Hacker News new | ask | show | jobs
by save_ferris 2583 days ago
Type-related issues are super common in rails apps with several contributors. Do you ever get "undefined method foo for nil:NilClass"? That's a type error.

There isn't really a universal agreement on how to handle nil in the ruby community, and as long as that remains true, type issues will continue to be a daily reality of using the language.

1 comments

I don't find nil errors to be as cumbersome as the over-design required to type everything you do.
That's the beauty of gradually typed systems like sorbet. You only define types where you need to. Plus, it's really only one extra line of code per method. And that extra LOC gives you a lot.

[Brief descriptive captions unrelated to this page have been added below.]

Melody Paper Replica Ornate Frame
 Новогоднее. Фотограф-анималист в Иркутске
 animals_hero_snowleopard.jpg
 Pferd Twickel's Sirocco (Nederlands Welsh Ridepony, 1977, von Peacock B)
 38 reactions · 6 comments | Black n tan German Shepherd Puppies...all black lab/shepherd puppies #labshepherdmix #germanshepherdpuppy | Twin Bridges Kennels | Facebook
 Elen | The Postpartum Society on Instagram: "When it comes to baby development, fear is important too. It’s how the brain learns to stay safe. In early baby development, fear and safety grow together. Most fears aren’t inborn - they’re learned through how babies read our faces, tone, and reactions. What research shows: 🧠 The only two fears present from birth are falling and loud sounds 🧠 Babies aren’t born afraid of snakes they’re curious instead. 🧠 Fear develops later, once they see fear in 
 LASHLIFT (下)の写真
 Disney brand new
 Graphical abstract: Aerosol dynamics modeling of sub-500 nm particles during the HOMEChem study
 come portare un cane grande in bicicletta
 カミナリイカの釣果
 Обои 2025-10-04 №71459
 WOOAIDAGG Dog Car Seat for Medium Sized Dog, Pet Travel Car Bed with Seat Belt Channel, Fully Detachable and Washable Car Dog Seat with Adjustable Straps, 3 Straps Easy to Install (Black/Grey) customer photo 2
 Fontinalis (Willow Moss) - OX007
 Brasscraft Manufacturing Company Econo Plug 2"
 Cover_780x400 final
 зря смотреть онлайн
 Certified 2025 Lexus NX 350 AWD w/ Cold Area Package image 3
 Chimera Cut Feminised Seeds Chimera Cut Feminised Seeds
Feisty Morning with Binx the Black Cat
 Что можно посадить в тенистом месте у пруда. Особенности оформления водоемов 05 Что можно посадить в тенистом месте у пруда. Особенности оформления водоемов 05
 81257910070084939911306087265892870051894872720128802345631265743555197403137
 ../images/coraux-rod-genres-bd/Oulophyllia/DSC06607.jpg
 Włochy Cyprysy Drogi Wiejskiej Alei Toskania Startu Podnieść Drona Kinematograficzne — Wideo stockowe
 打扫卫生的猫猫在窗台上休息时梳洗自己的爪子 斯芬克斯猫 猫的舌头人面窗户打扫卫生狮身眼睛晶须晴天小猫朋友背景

So many of the production bugs I've encountered in my rails career (probably around 2/3rds) would immediately go away with a type system. Now, that's not to say that I won't encounter other issues, but type systems provide other benefits as well. Typescript annotations make JS seem pretty sane, and editor integrations like VSCode's support for TS is amazing. You get go-to-source functionality that isn't based on heuristics, compile-time error reporting as opposed to runtime error reporting.

Sure, it might not make sense in your situation. But every single job I've had in my career would've been much easier with a type system, and depending on how solid sorbet turns out to be, working in ruby might look quite a bit different in the next few years.